When I was approached by Pastor Joseph, I trusted no one. Everyone in my life had let me down. Yet this man seemed different and I held onto the glimmer of hope he offered. Two years later I am still holding onto to that hope and I am no longer working as a prostitute. Pastor Joseph started Sisters of Rwanda with Jared in order to help us. We didn’t know why they wanted to help us, or if they really would. But Pastor is different, he really does want to help us have a better life. Sisters of Rwanda is teaching me skills that will free me of the life I was stuck in and give me new opportunities. I now understand only God can profoundly change a person. I believe it is necessary for the Church to reach out to these women, teaching them about God and encouraging them, but it doesn’t stop there.
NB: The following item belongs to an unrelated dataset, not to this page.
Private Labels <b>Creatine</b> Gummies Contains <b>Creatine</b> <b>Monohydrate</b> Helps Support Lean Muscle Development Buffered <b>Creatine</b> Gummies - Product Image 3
Our spiritual needs are crucial, but we also need to survive, we need opportunities to learn and make money without selling our bodies. We are all chasing the best life possible and in order to achieve that each and every one of us requires money. No-one is an exception to this rule. I plead with the world to understand the plight of these women of which I used to be one.

Finally it seems that my dreams aren’t so slippery. I dream of having a good life with my children. I dream of being able to live without having to beg or sell my body on the streets. I dream my children will stay in school and have a much better life than I did. I dream they will grow up feeling happy. I do not know where the future will lead us, but I will hold onto these dreams I have.

*To protect the identities of the women we serve, the names of our beneficiaries have been changed to KEZA, which means beautiful.